§ **WORK TO BE COMPLETED**: Leave out the pictures and restate the rest of the data exactly.

§ **DATA SUPPLIED**:

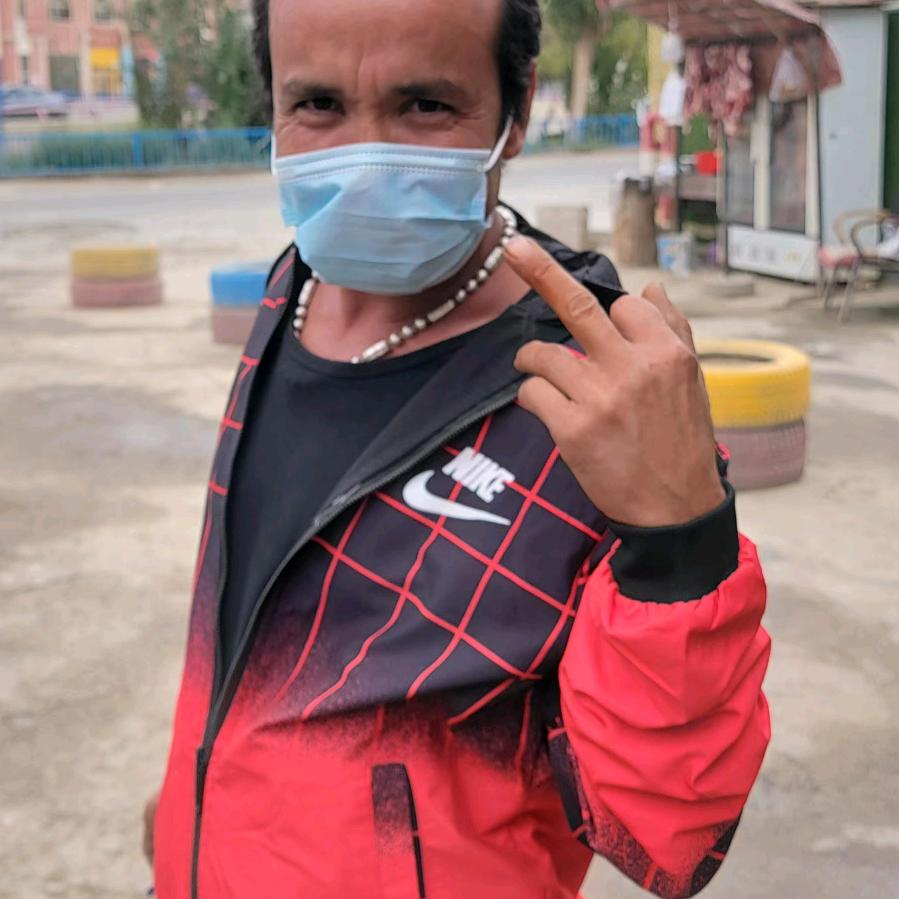 哥的事世界你不懂-_-#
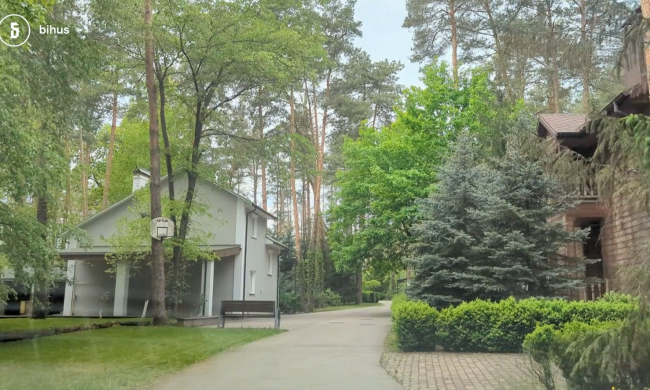 Хто розкупив відомчу базу у Конча-Заспі: експрокурор, колишні ТОПи митниці та їхні родичі, - розслідування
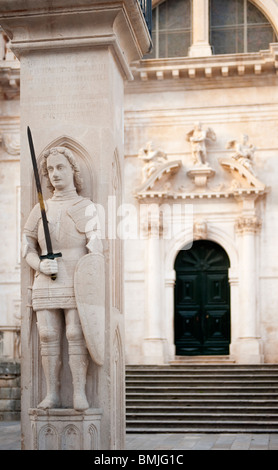 Detail der Orlando Säule in Luza Square, außerhalb der Kirche des Hl. Blasius in Dubrovnik, Kroatien. Stockfoto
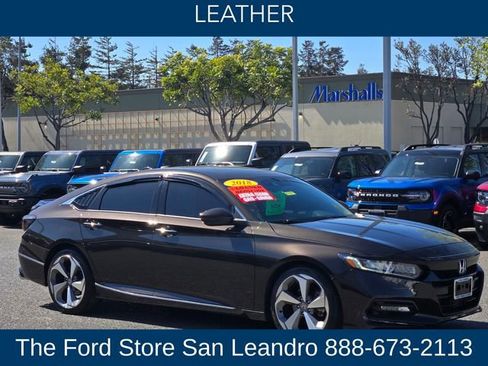 Used 2018 Honda Accord Touring image 5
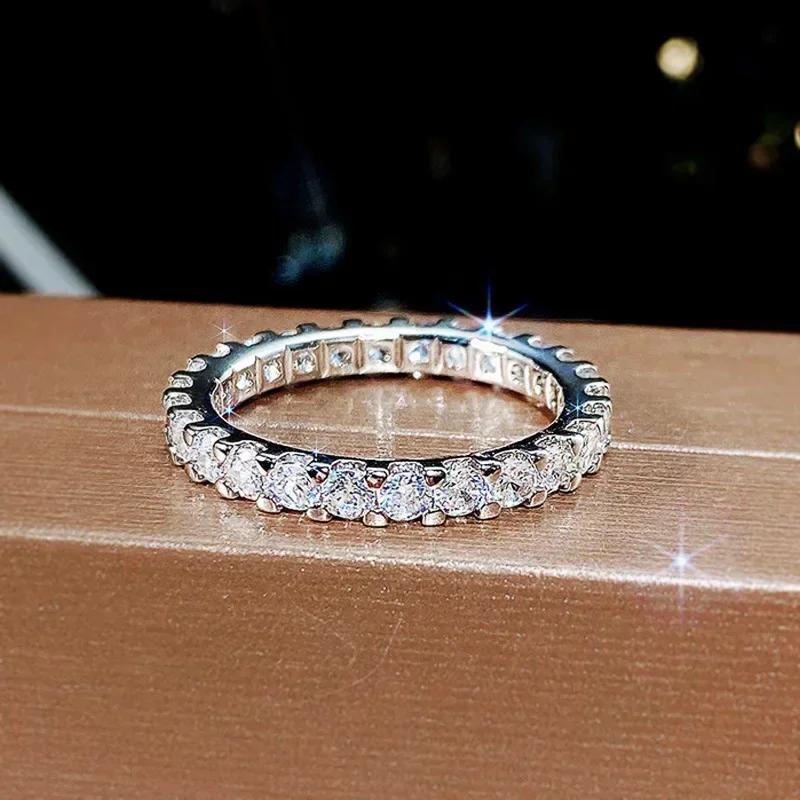 New Starry Sky Full Circle Zircon Women's Ring, Paired with Sparkling Light Luxury Fashion Jewelry Accessories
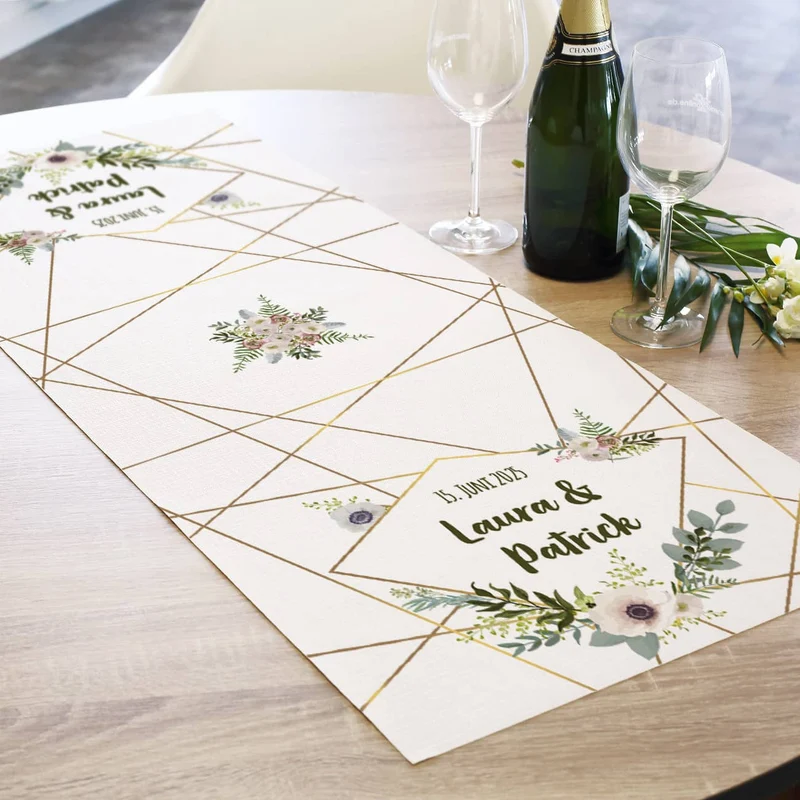 Tischläufer zur Hochzeit mit Namen, Datum & Blüten - in zwei Längen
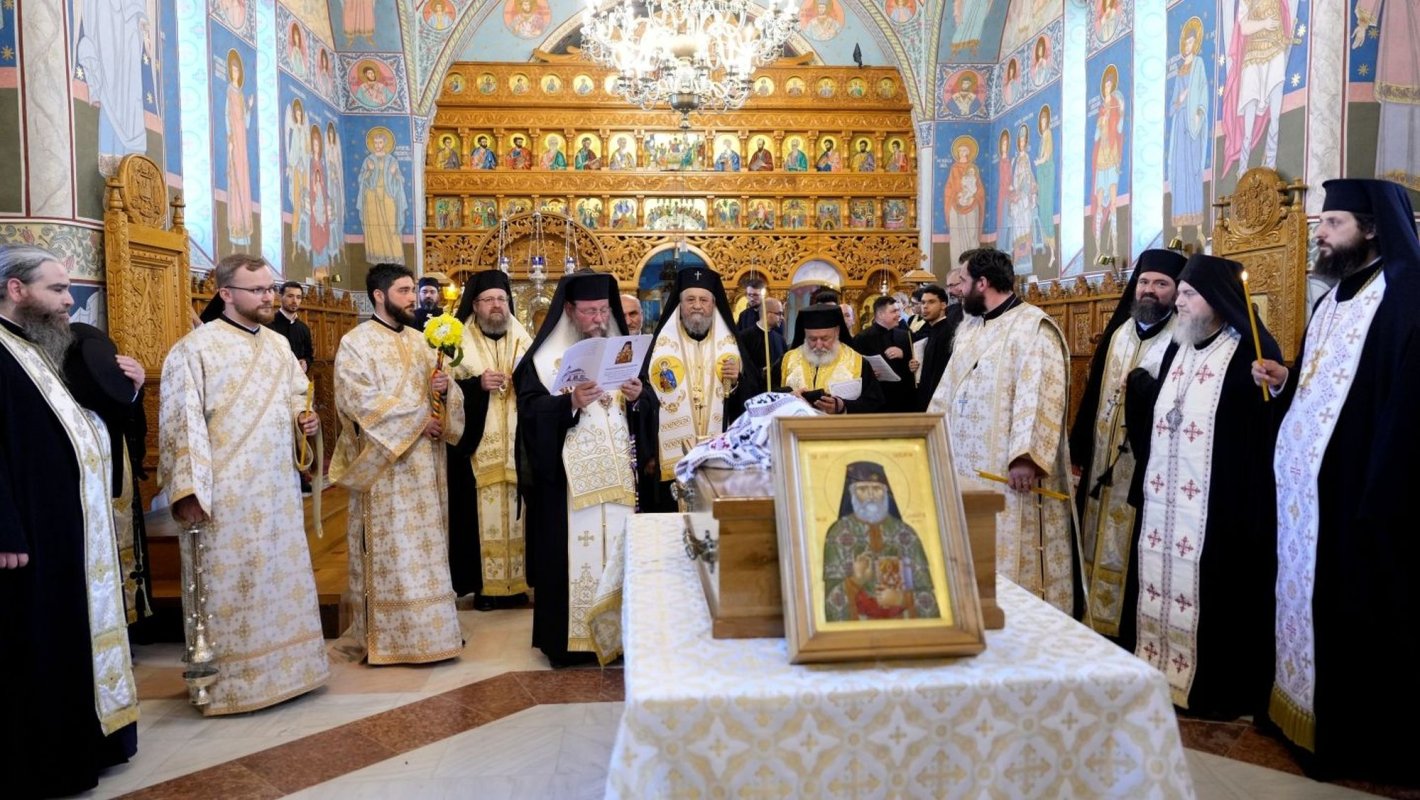 Deshumarea moaştelor Sfântului Cuvios Serafim cel Răbdător 329904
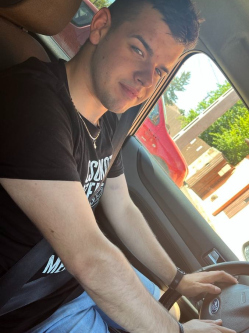 Bence, 22 �ves t�rskeres� f�rfi, Em�d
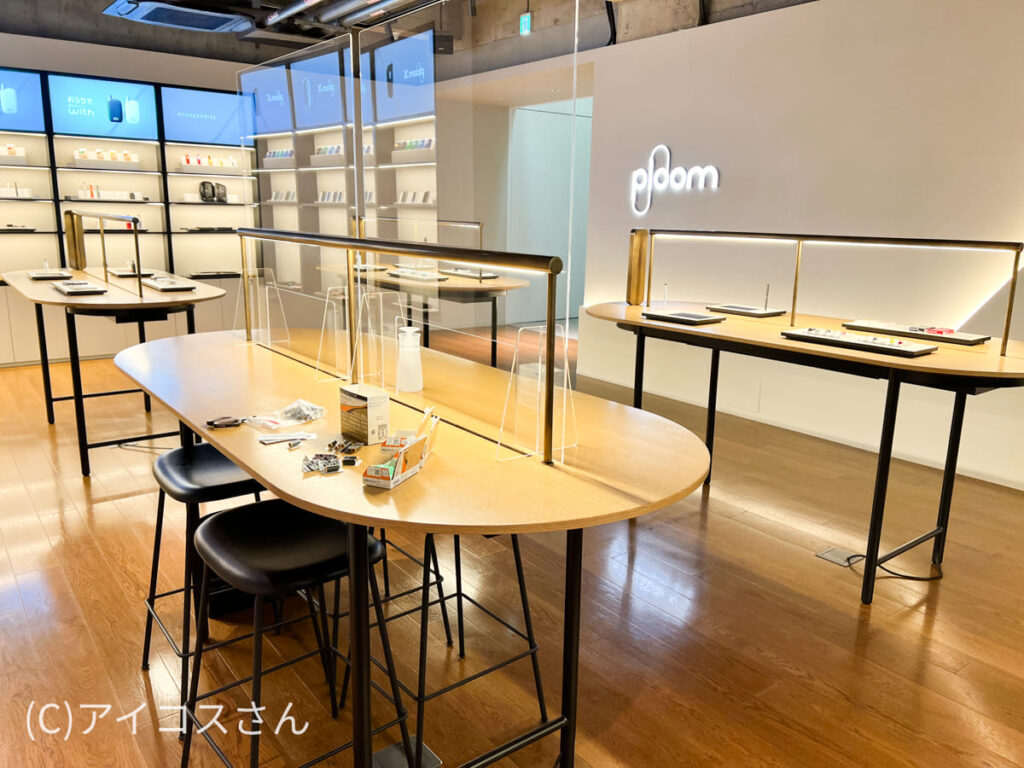 在银座的Ploom Shop,品尝后可以购买适合自己的Ploom设备。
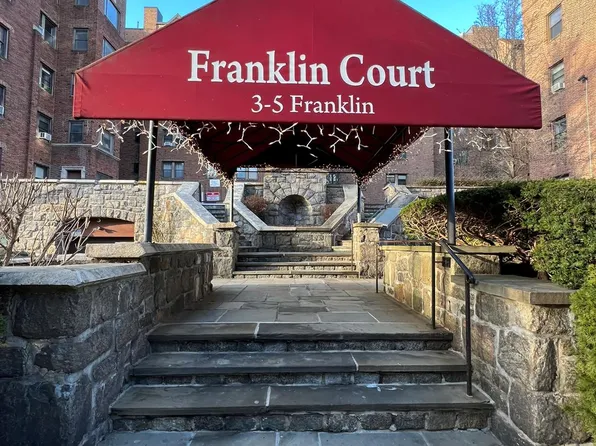3 Franklin Avenue #2N, White Plains, NY 10601
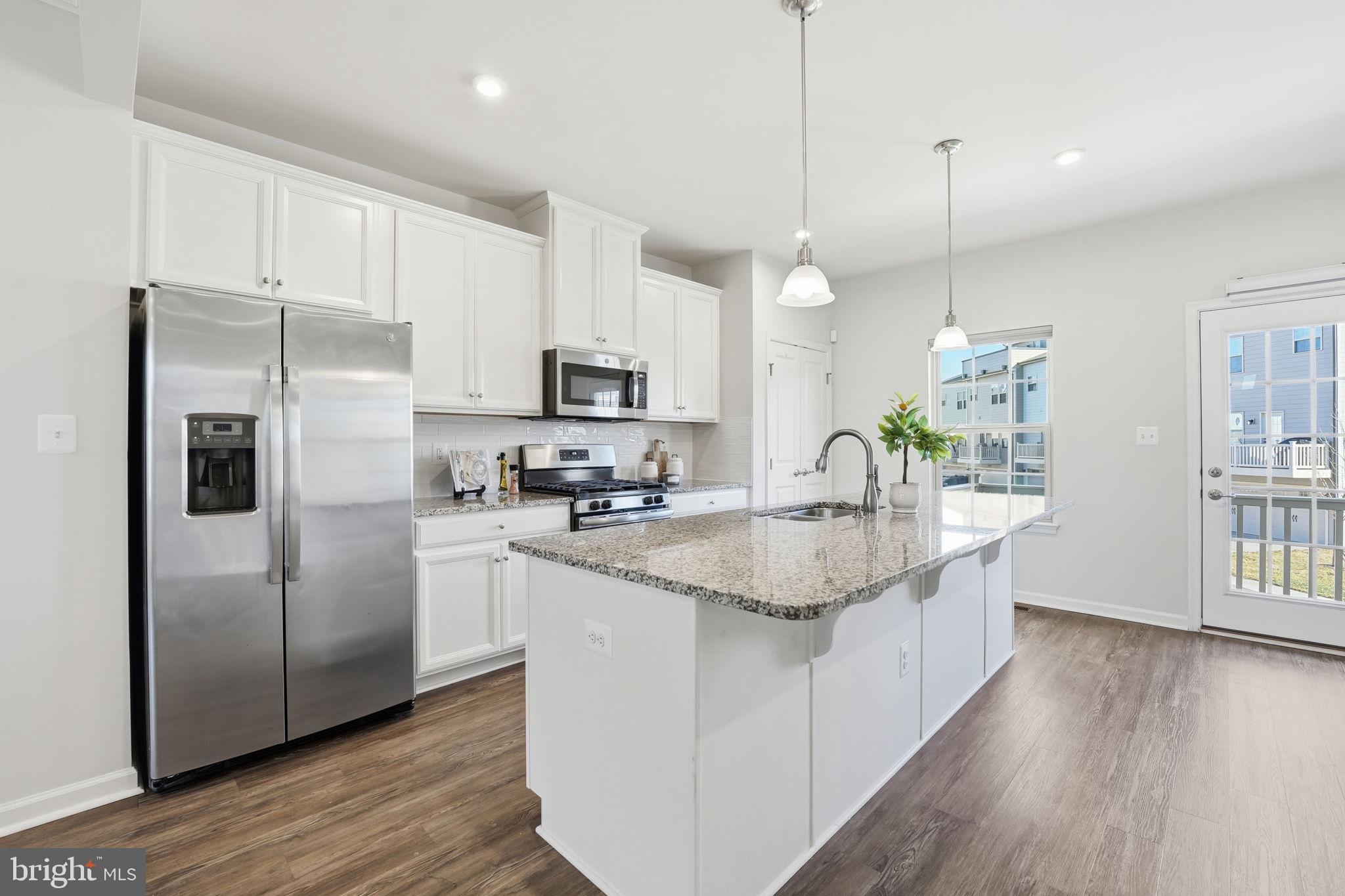18179 Red Mulberry Road Dumfries, VA 22026 - Photo 5 of 58 Bright & light filled kitchen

§ **SOLVED EXERCISE**:
 哥的事世界你不懂-_-#
 Хто розкупив відомчу базу у Конча-Заспі: експрокурор, колишні ТОПи митниці та їхні родичі, - розслідування
 Detail der Orlando Säule in Luza Square, außerhalb der Kirche des Hl. Blasius in Dubrovnik, Kroatien. Stockfoto
 Used 2018 Honda Accord Touring image 5
 New Starry Sky Full Circle Zircon Women's Ring, Paired with Sparkling Light Luxury Fashion Jewelry Accessories
 Tischläufer zur Hochzeit mit Namen, Datum & Blüten - in zwei Längen
 Deshumarea moaştelor Sfântului Cuvios Serafim cel Răbdător 329904
 Bence, 22 �ves t�rskeres� f�rfi, Em�d
 在银座的Ploom Shop,品尝后可以购买适合自己的Ploom设备。
3 Franklin Avenue #2N, White Plains, NY 10601
18179 Red Mulberry Road Dumfries, VA 22026 - Photo 5 of 58 Bright & light filled kitchen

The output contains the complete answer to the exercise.